## To do
Starting at the first line of the data, please print exactly those lines through the one that holds "Bear – Catherine Lansfield-image-2", omitting every picture.

Data provided: Begin

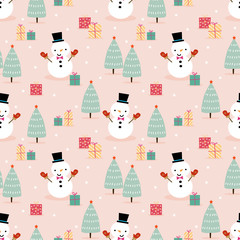 Cute Snowman in Christmas season seamless pattern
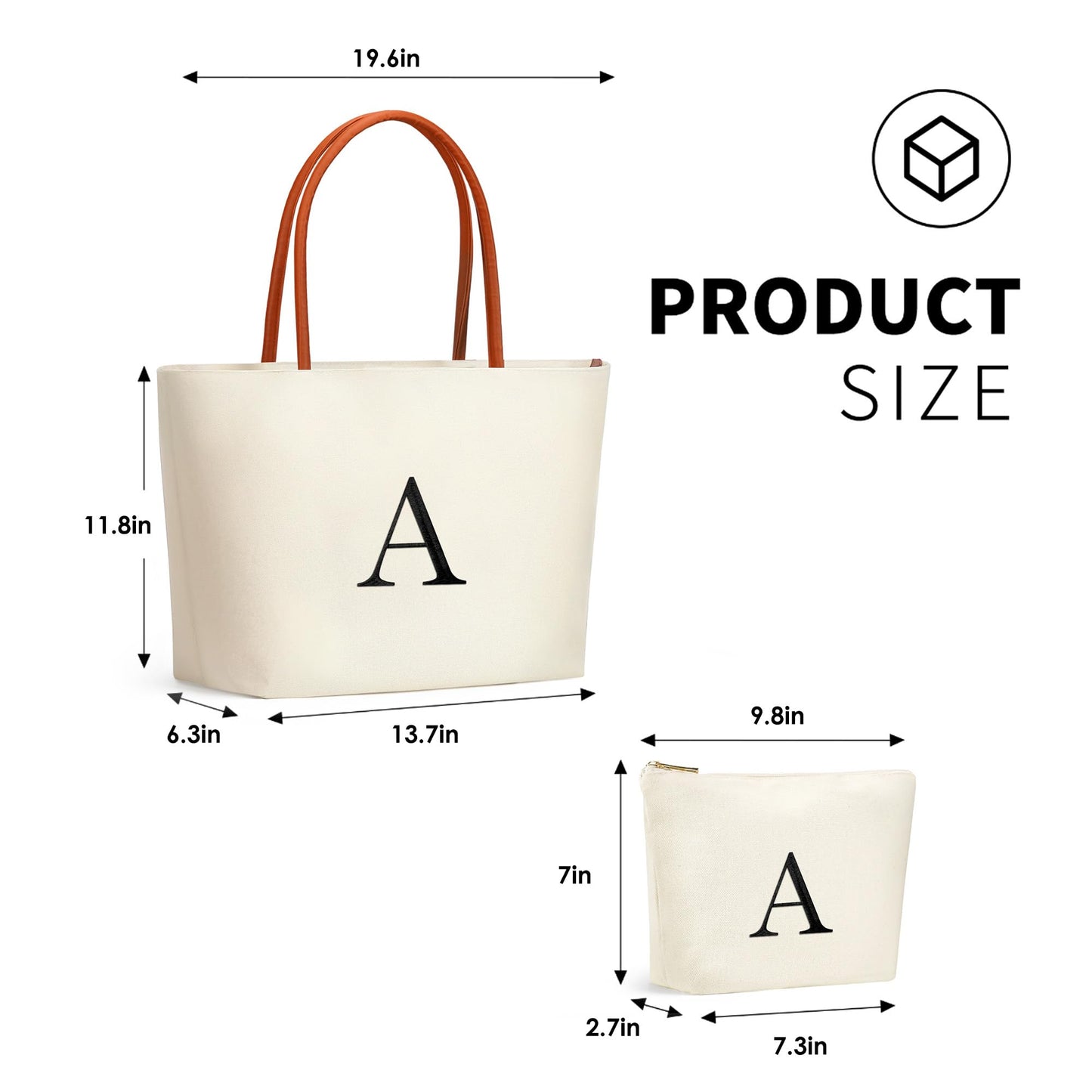 YOOLIFE Personalized Gifts for Women - Birthday Gifts for Women, Teacher Appreciation 30th 40th 50th 60th Birthday Gift for Female Teacher Mom Sister Friend, M Initial Black Canvas Beach Tote Bag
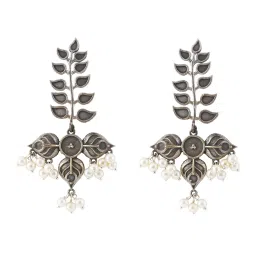 Teejh Ethnic Aarini Silver Oxidized Dangler Earrings image 3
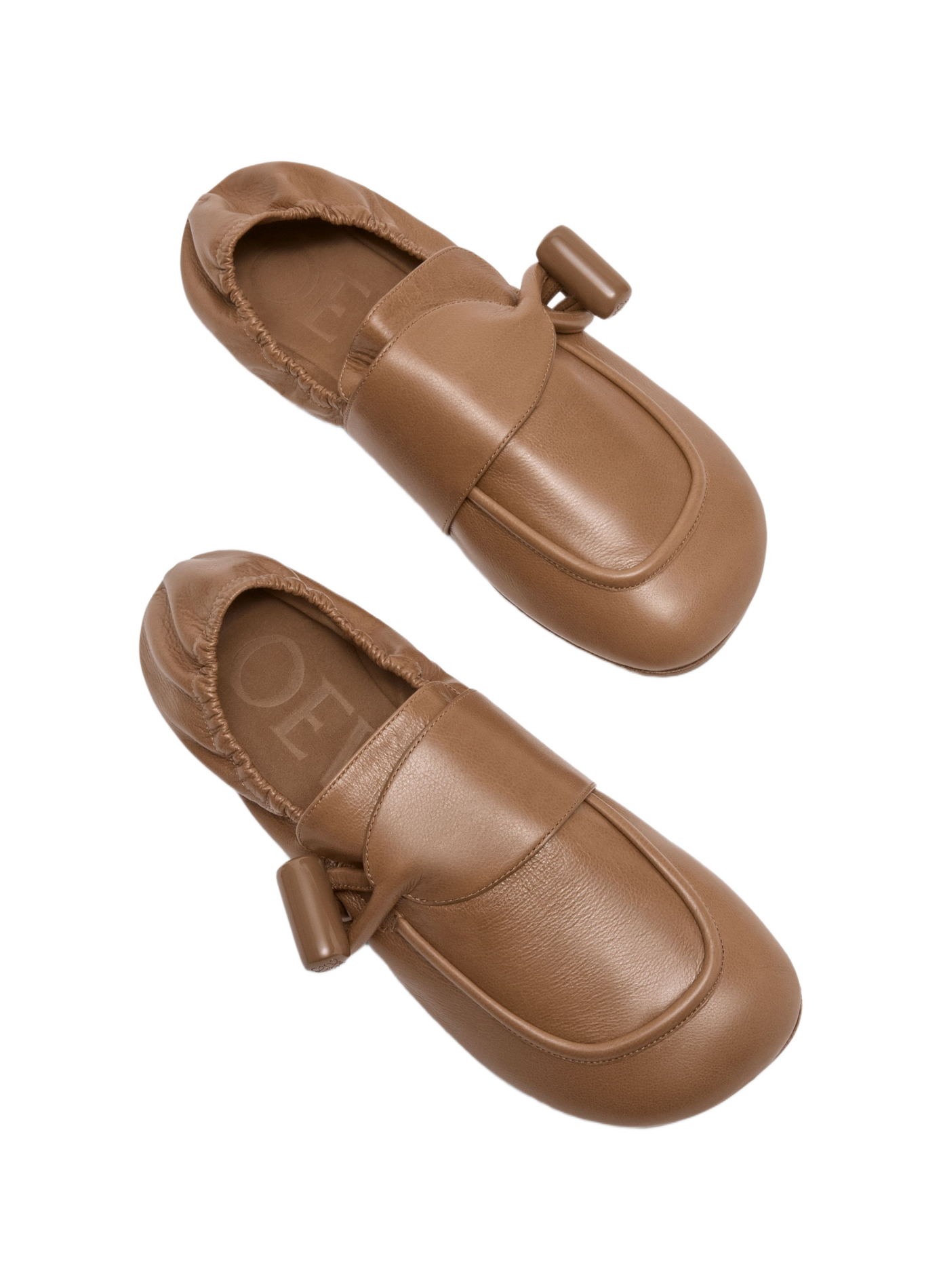 Mocassins Toggle en cuir de veau lisse brillant LOEWE Beige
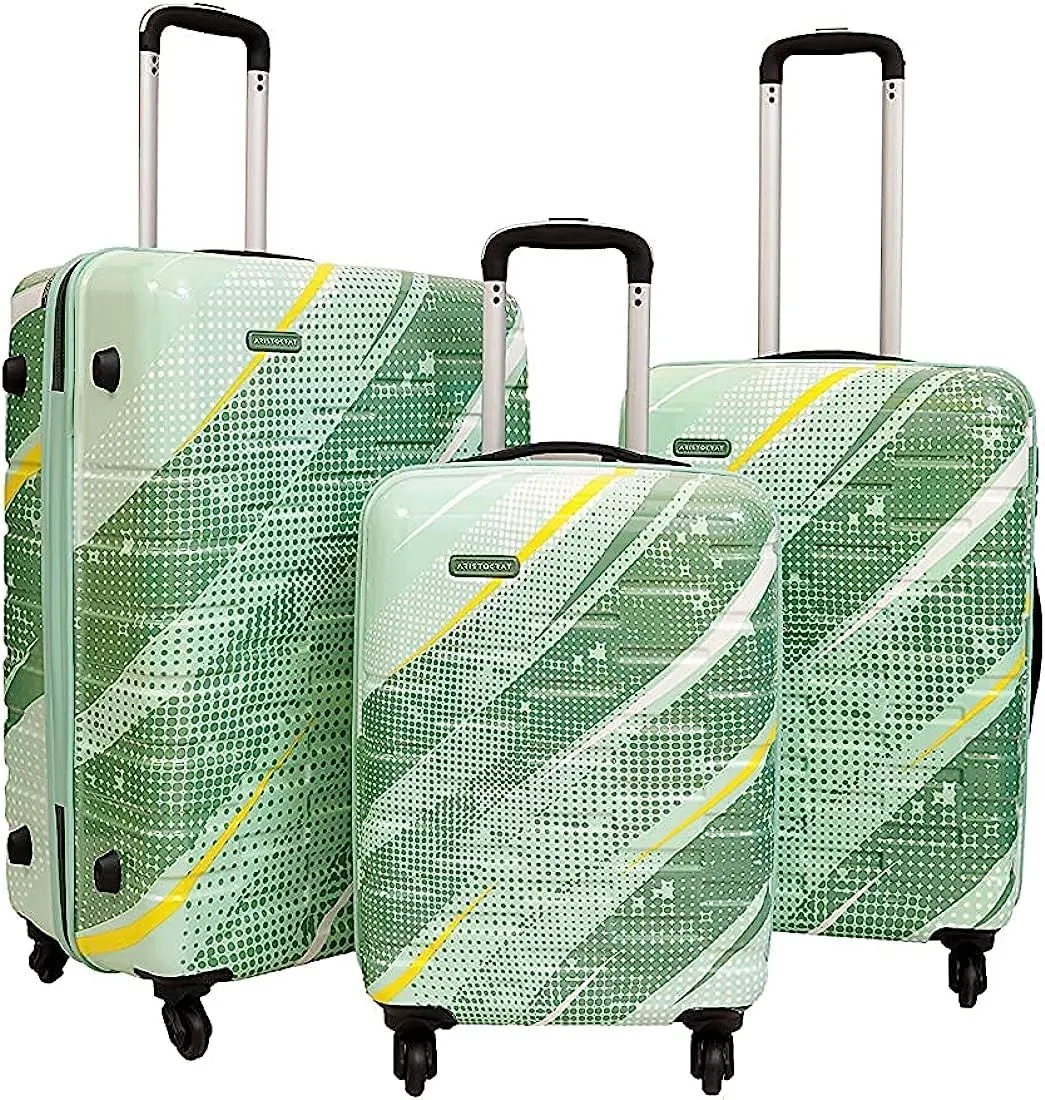 VIP Radiance Printed 4 Wheel Cabin Suitcase 30x51x75cm Green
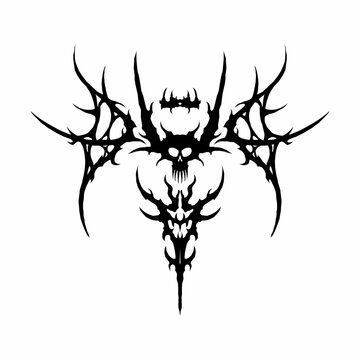 Neo tribal cyber gothic skull abstract shapes blackwork styles vector design for tattoo, streetwear, dark fantasy aesthetics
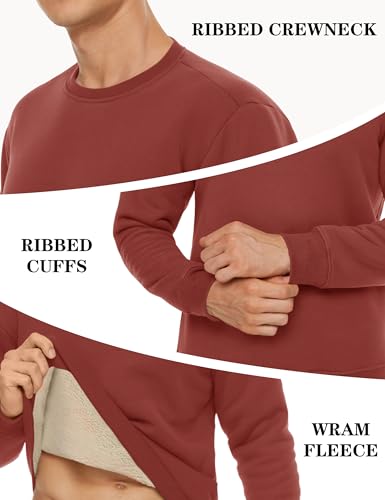 Image of TACVASEN Men's Crewneck Sweatshirt Warm Sherpa Lined Thermal Sweatshirts Heavyweight Long Sleeve Winter Fleece Pullover Shirt
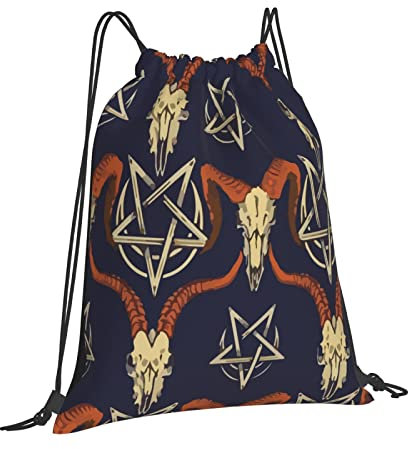 501 Herren Damen Sportbeutel Satan Baphomet Schafkopf-Dämon Turnbeutel Hipster Tunnelzug Gymsack Komfortabel Fußballtasche Für Schule Reise Strand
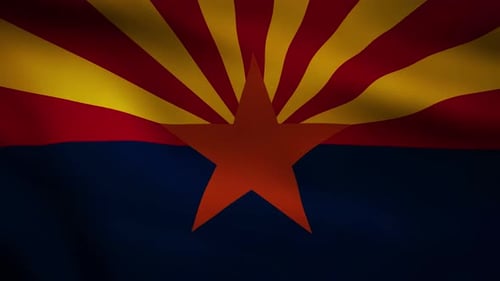 Realistic Arizona State Flag Waving Animation
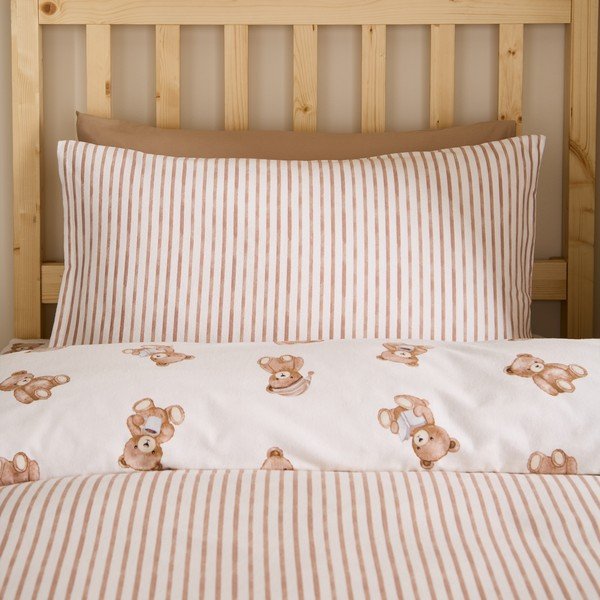 Кремаво единично  фланелено детско спално бельо 120x150 cm Brushed Teddy Bear – Catherine Lansfield-image-2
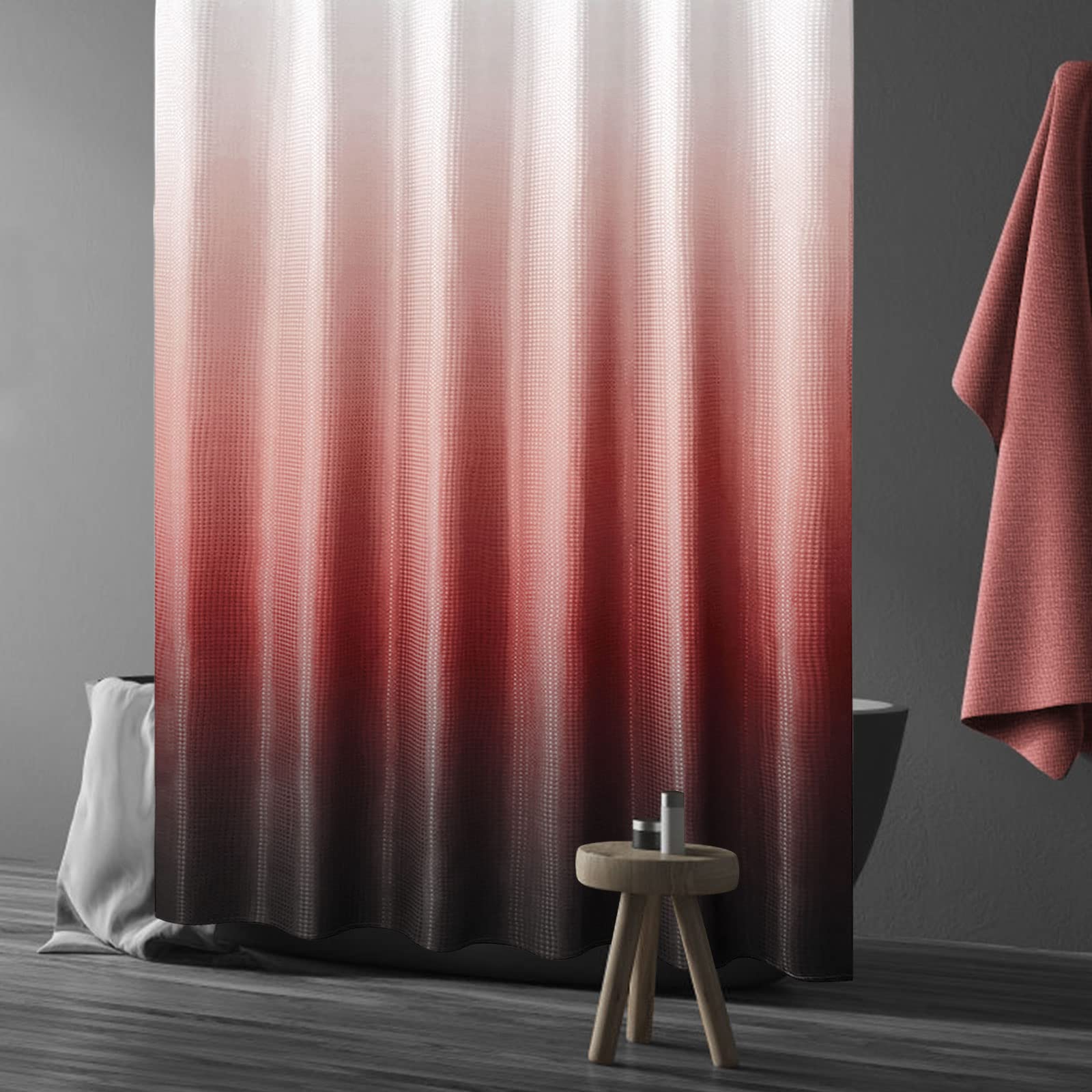 Gibelle Ombre Shower Curtain, Red Black Gradient Fabric Shower Curtain, Waffle Weave Textured Bathroom Curtains Shower Set With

Data provided: End

## Exercise result
 Cute Snowman in Christmas season seamless pattern
 YOOLIFE Personalized Gifts for Women - Birthday Gifts for Women, Teacher Appreciation 30th 40th 50th 60th Birthday Gift for Female Teacher Mom Sister Friend, M Initial Black Canvas Beach Tote Bag
 Teejh Ethnic Aarini Silver Oxidized Dangler Earrings image 3
 Mocassins Toggle en cuir de veau lisse brillant LOEWE Beige
 VIP Radiance Printed 4 Wheel Cabin Suitcase 30x51x75cm Green
 Neo tribal cyber gothic skull abstract shapes blackwork styles vector design for tattoo, streetwear, dark fantasy aesthetics
 Image of TACVASEN Men's Crewneck Sweatshirt Warm Sherpa Lined Thermal Sweatshirts Heavyweight Long Sleeve Winter Fleece Pullover Shirt
 501 Herren Damen Sportbeutel Satan Baphomet Schafkopf-Dämon Turnbeutel Hipster Tunnelzug Gymsack Komfortabel Fußballtasche Für Schule Reise Strand
 Realistic Arizona State Flag Waving Animation
 Кремаво единично  фланелено детско спално бельо 120x150 cm Brushed Teddy Bear – Catherine Lansfield-image-2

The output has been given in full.